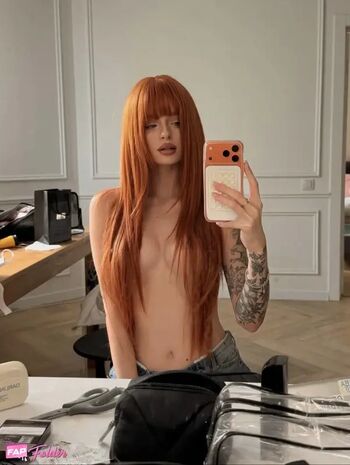 Full leaked Daxaxa private photo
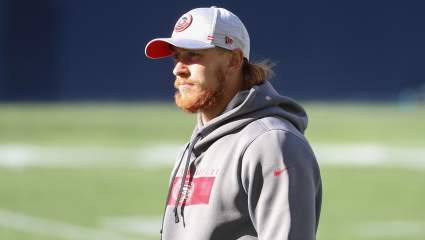 49ers All-Pro TE George Kittle Could Miss Rest of Season: Report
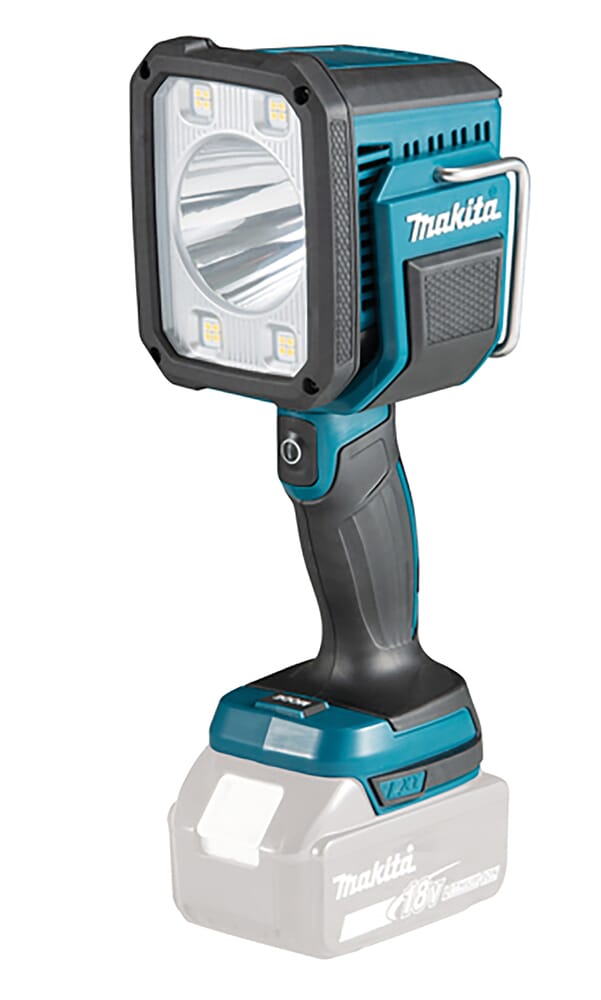 Review LED-Stablampe LXT®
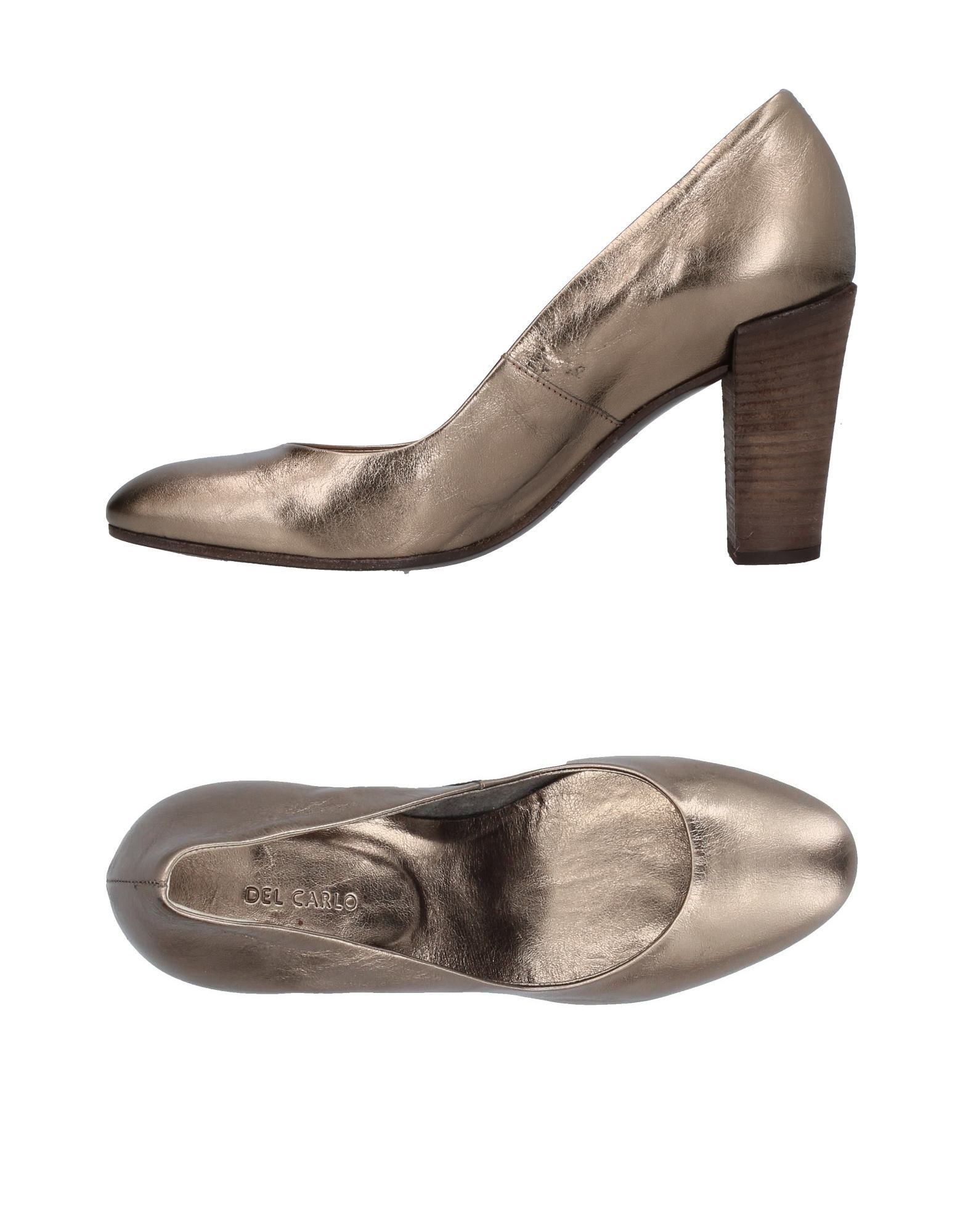 Décolleté Del Carlo Donna - 11400929DX Décolleté Del Carlo 11400929DX Donna - 11400929DX Carlo 4f844a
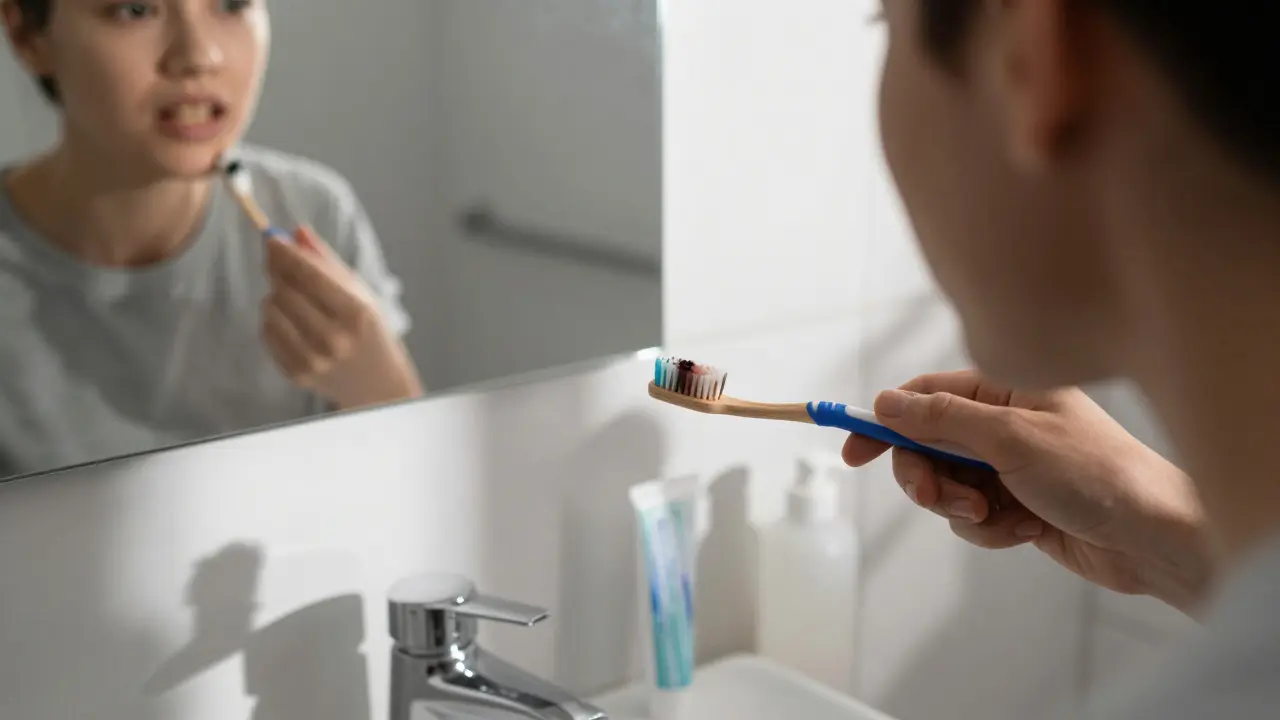 Co na černé zuby? Nejúčinnější způsoby, jak odstranit tmavé skvrny a obnovit bílou úsměv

- ACTIVITY: Write the entries out in full and exactly, omitting every picture.

- RESULT OF THIS TASK:
 Full leaked Daxaxa private photo
 49ers All-Pro TE George Kittle Could Miss Rest of Season: Report
 Review LED-Stablampe LXT®
 Décolleté Del Carlo Donna - 11400929DX Décolleté Del Carlo 11400929DX Donna - 11400929DX Carlo 4f844a
 Co na černé zuby? Nejúčinnější způsoby, jak odstranit tmavé skvrny a obnovit bílou úsměv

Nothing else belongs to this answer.